Sandra Orellana Biography

Sandra Orellana

National Space Society Board of Directors

Dr. Orellana is currently a Professor at California State University, Dominguez Hills, where she has served for 14 years as Chair of the Anthropology Department. She is a former faculty adviser for MEChA, a Mexican student organization. Orellana also maintains a close relationship with the University of California at Los Angeles (UCLA), where she has served in many roles. Currently she is a Research Associate at UCLA’s Cotsen Institute of Archaeology. Her main area of research has been the Maya of Central America. She has participated in 19 excavations and other types of fieldwork including the UCLA Guatemala Project. Orellana has received over 25 fellowships, grants and awards including the Dean’s Award for Outstanding Scholarship. Her publications include three books, 17 articles and at least 36 presentations.

While the past has been the main focus of her research to date, she has also long been interested in future oriented topics dear to the NSS cause. She has been a member of NSS and its precursor organizations for over 25 years. Starting in 1975 Orellana has made presentations at various conferences and meetings on such topics as “Anthropology: A Way Of Understanding the Future”, “Space Colonization”, “Summary of Space Industrialization”, “Automated Cultures: A Twenty-First Century Perspective” and “Beyond Tomorrow, Beyond the Planet: Visions of a New Future.”
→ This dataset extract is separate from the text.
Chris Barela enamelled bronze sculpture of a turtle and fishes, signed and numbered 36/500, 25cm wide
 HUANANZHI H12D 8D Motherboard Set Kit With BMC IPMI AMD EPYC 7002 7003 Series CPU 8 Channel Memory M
She is currently shifting the focus of her research to be more about the future of humanity in space. Her mostly completed book is titled Machines and Prime Movers: Technological Change From Hellenistic Greece to the End of the Twenty-First Century. In this she examines the past several thousand years of history and extrapolates to the end of the Twenty-First Century, dealing with such topics as Space Industrialization.